Keep every word of the listing and reproduce it exactly, but set aside any image found there.

COLLECTED MATERIAL:
[Start of Attachment]
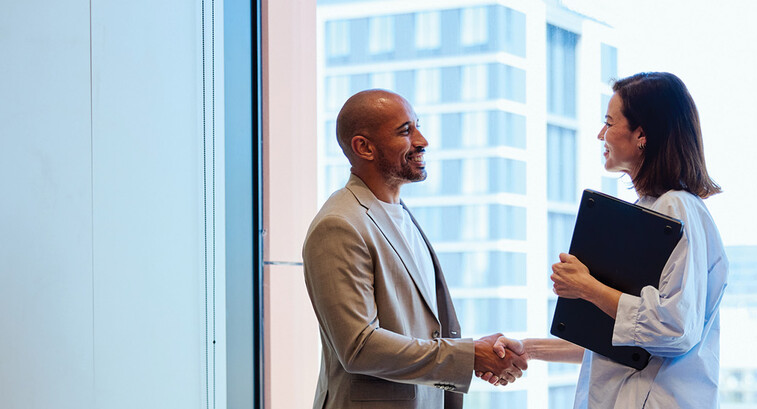 A business meeting ends with a handshake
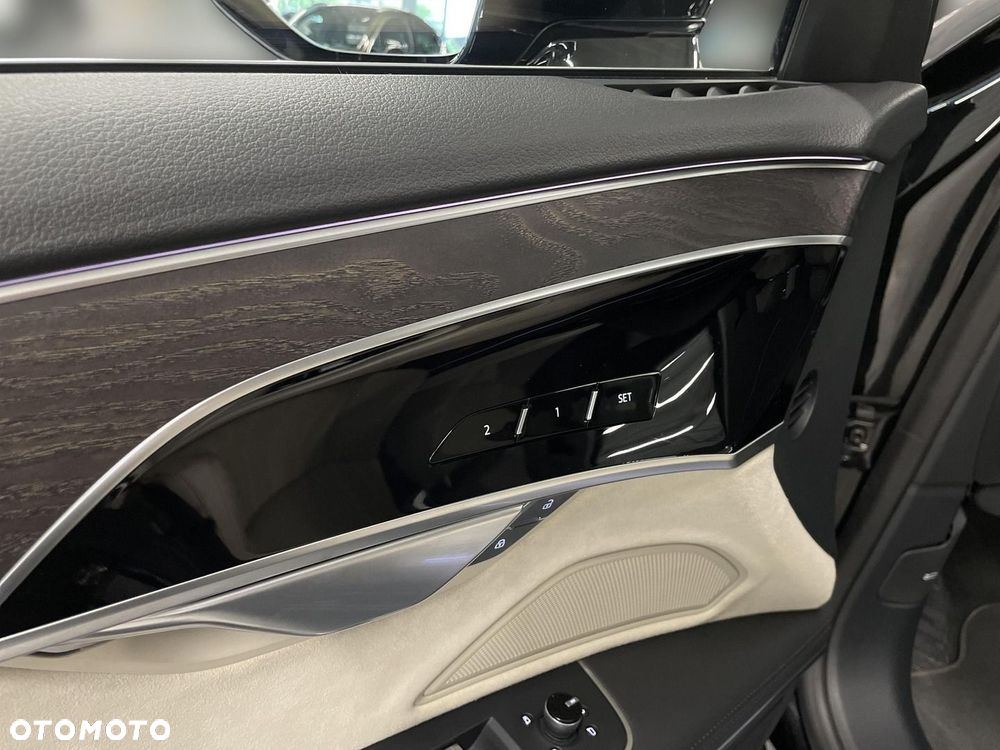 Audi A8 - 27
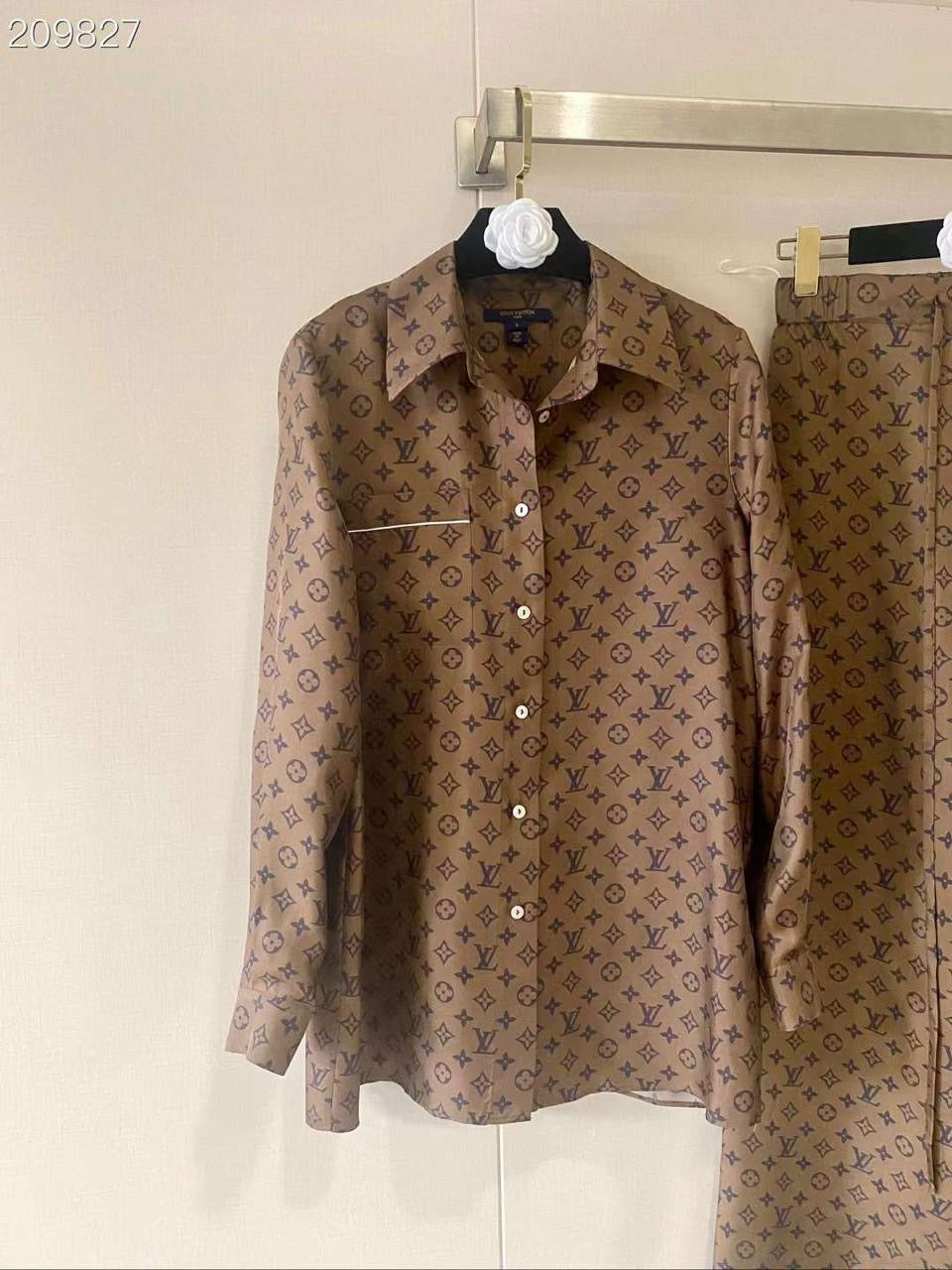Lv clothes set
[End of Attachment]
REPLY:
 A business meeting ends with a handshake
 Audi A8 - 27
Lv clothes set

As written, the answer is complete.